Ölümle, tutsaklıkla, silâh ve teçhizatlarını müslümanlara kaptırmakla, bozguna uğramakla. Şimdi de âyetin sonunu tekrarlayalım:

"Bundan sonra Allah, dilediği kimselerin tövbelerini kabul eder. Allah affedicidir, merhametlidir."
Yanlış iş yaptıktan sonra tevbe eden kimseler için af kapısı her zaman açıktır.

Yüce Allah  ile bağları gevşetmenin ve O'nun dışında, başka bir güce güvenmenin sonuçlarını göstermek amacı ile bu Ayetlerde müminlere hatırlatılan "Huneyn" savaşı bize bir başka gerçeği, her inanç sisteminin dayandığı güçlerin neler olduğu gerçeğini, dolaylı olarak açıklamaktadır. Sayı çokluğu hiçbir şey değildir. Önemli olan inançlarına sımsıkı bağlı, kararlı, fedakâr ve bilinçli azanlıktır.

Hatta sayı çokluğu kimi zaman bozguna sebep olur. Çünkü taraftarı oldukları inanç sisteminin özünü kavramaksızın akıntıya kapılarak bilinçsizce bu kalabalığa katılan bazı kimselerin zor anlarda ayakları titremeye başlar, zelzeleye tutulmuş gibi sarsılırlar. Arkasından da taraftarların saflarına kargaşa ve bozgun havasını yayarlar. Üstelik sayı çokluğu, inanç sisteminin bağlılarını aldatır, yüce Allah ile aralarındaki bağı gevşetme umursamazlığına kapılmalarına yol açar, görüntüdeki kalabalıkla oyalanarak hayatta zafere ulaşmanın sırrını göz ardı etmelerine sebep olur.

Her inanç sistemi seçkin kadroları eli ile ortaya çıkıp varlığını sürdürmüştür. Yoksa "sönüp giden köpükler" ve "rüzgârların savurduğu ot kırıntıları, eli ile hiçbir inanç sistemi ne ortaya çıkabilir ve ne de ayakta durabilir." (Ra'd, 17 Kehf, 45)

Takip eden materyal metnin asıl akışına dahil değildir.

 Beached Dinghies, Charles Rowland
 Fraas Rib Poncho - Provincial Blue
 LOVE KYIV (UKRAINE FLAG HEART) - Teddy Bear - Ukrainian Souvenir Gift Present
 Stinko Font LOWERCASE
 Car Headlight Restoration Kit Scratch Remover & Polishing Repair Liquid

Âyetlerin akışı, bu noktaya geldiğinde ve Müslümanların vicdanlarını yakın tarihin hatıraları ile kamçıladığında müşriklere ilişkin son sözü söylüyor, onlar hakkında kıyamet gününe dek geçerliliğini sürdürecek nihai hükmü veriyor


Ak Parti’nin oy üstünlüğüne güvenip rakipleri küçümsemesi ve Huneyn benzetmesi  

Ak Parti 2003 seçimlerin de çalışırken seçmene senin oyun ile ya iktidar olacağım yada  silinip gideceğim mesajı verdiği için seçmen % 34 oy ile Ak partiyi iktidar yaptı. Seçmene 2011 genele seçimine kadar  o eski çıraklık döneminin ruhu olmazsa da senin oyun  benim için çok mühim mantığı ön planda idi.Ancak 7 Haziran 2015 seçimlerinde SÖZLE olmazsa bile LİSAN- I HAL ile  senin bir oyuna ihtiyacım mı var mantığı sokakta caddede HİSSEDİLİYORDU.

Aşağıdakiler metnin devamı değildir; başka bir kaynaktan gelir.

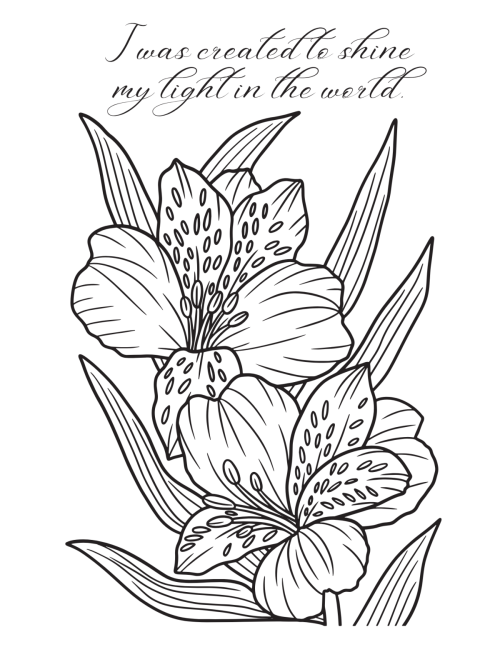 Planted In Purpose Affirmations Coloring Book 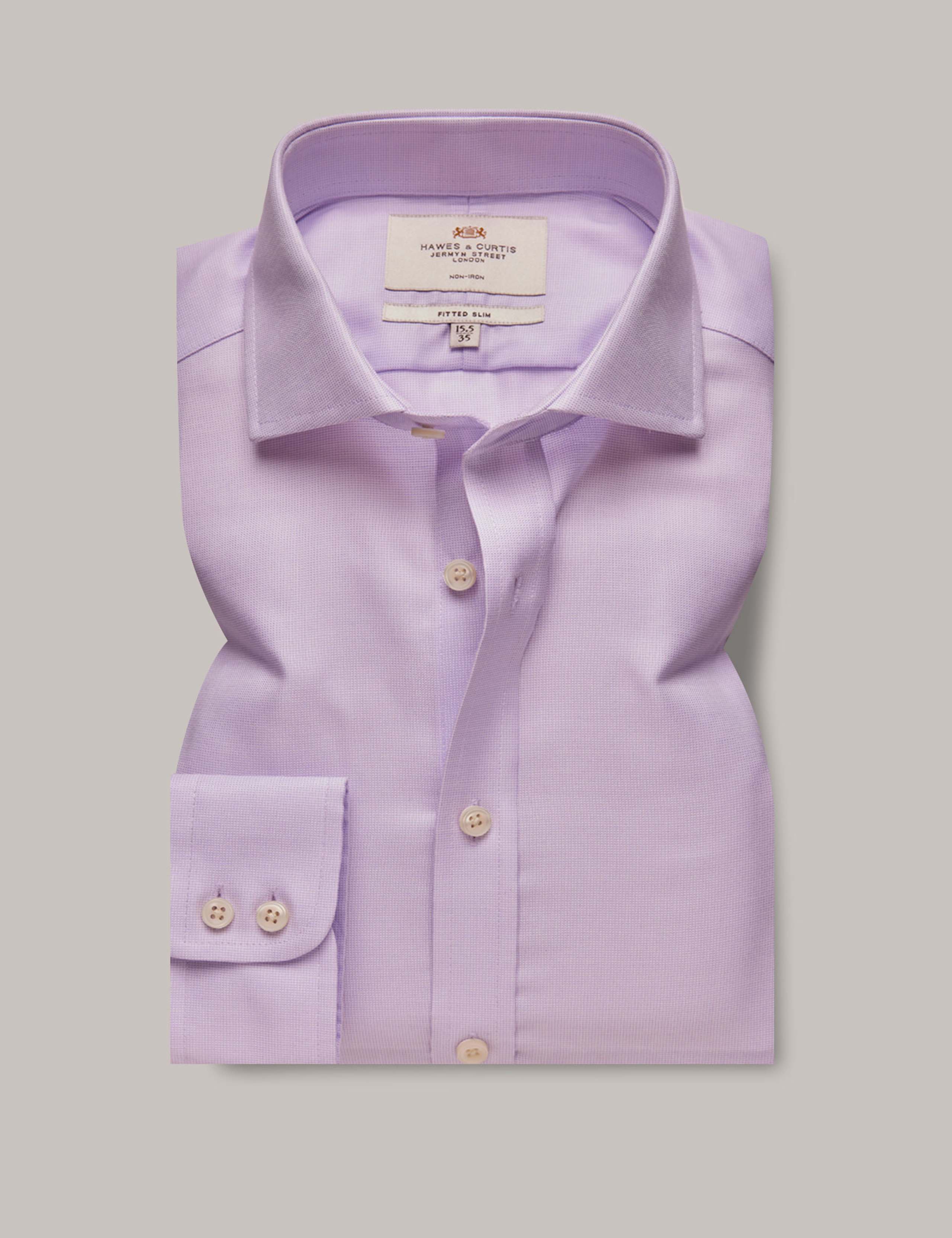 Fitted Slim Non Iron Pure Cotton Shirt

Çünkü Ak Parti kurmayları her konuşmasında biz de muhalefette Ak partinin tek başına iktidar olacağına inanıyor sözünü sık sık her ortam da duyuyorduk. Ak Partililer şunu da ilave ediyordu. Biz iktidar olalım diye çalışmıyoruz. O zaten kesin.Biz 367 ve 400 Vekil almak için  çalışıyoruz  eylem ve söylemini canlandırırken  daha doğrusu ifade ederken seçmen de mademki benim oyum iktidar olman için lazım değil. O halde 367 veya 400 vekil alıp başkanlık sitemini getirmek de benim için önemli değil. Zaten Ak Parti olarak alt gelir grubun dan koptun. Zengin tam zengin oldu Fakir de tam fakir. 

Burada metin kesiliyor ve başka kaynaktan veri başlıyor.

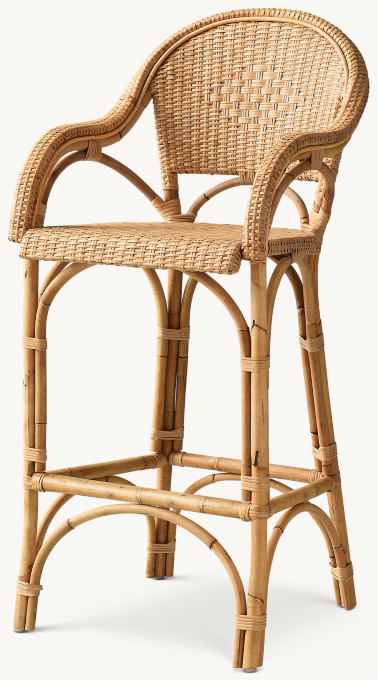 Restoration hardware rattan bar stools discount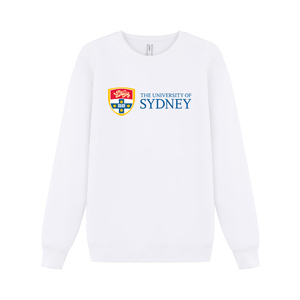 Sydney悉尼大学校服卫衣圆领套头秋冬季青少年加绒加厚情侣外套潮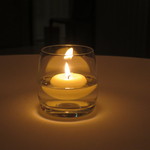 フランス料理 壺中天 - ろうそく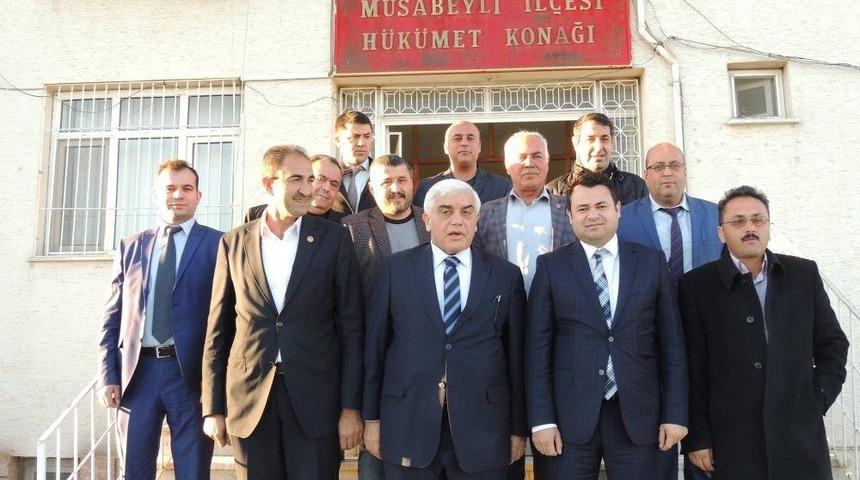 Milletvekili D&uuml;lger, Kaymakam Avcı&rsquo;yı Ziyaret Etti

Mademki Ak Parti olarak sana oyumuz çok lazım değil ama eylem ve söylemleri ile bizlerin gönlüne Hitap eden HDP lideri Demirtaş’a bir şans vereceğiz. Eğer bunu kullanabilir ve bize gelecek vaad ederse ve PKK da silah bırakırsa  bir sonraki seçimde kendisine daha iyi bir destek verebiliriz demek istedi.

Hani Pirelli lastikleri reklamlarında kontrolsüz güç değildir diyor ya Ak Parti’nin gücü de bir nevi artık kontrolden çıkmıştı. İnşallah seçmenin senin abdestin bozuldu git bir abdest tazele tarzındaki uyarısını dikkate alır ben nerede hata yaptım der ve cevabını bulmaya gayret ederse ilk seçimde yine tek başına iktidar olma imkanı var. Ama eskisi gibi gücünü kontrol edemeyecek hatalar yaparsa bu sefer değil % 40.8 ,HDP kadar bile oy alamaz.  Ak Parti seçmenin mesajını mutlaka doğru okumak durumundadır.